I watch while feeling the angst of a man opposite as he bellows into his mobile.
In a way it is a shame that the person on the receiving end could not see his emphatic gestures that accompanied his verbal tirade.
It had me considering ‘anger’ and what that does to us in those moments of ‘loss of control’ unable to hold ourselves in a place of grace and peace.
To me now, in who I am today, and with my sixty years I have been granted to journey here (so far), what I perceive in ‘anger’ is great pain and an exasperation in not having the ability to stay in the powerful place that is love which transcends all fear.
My life’s blueprint has only one of the twelve ‘houses’ in a fire sign. This gives me a distance from anger. It rarely happens to me. I do not supress it, it just isn’t a predominate force in my being.

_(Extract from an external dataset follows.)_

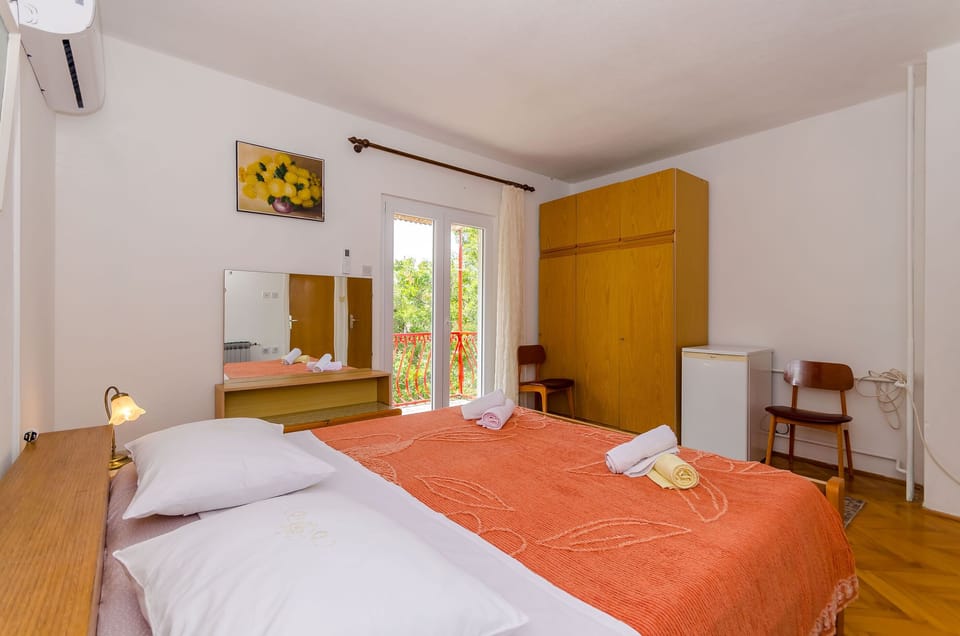 Room (S1) | Free WiFi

My propensity is to be happy, to be positive in my outlook rather than negative, finding so many things in my life to be grateful for.
I have found during my life that people who are angry are not happy. My acrostic definition above of what I have known of anger asks you to consider what your views are. If you find yourself agreeing with me then how can we, the ones who have found a heartfelt love of self, nurture others who allow this dark energy to control their lives?
The numerology of week 018 = 9. Nine is about endings leading to new beginnings. I would love to see World Peace in my lifetime and at the Wailing Wall in Jerusalem in 1993, that is what I wished for. Little did I know then that it would start with me making peace with myself, learning to love the uniquely individual being, that ultimately we all are.
I am but another blade of grass in an expansive field – and I love that I am!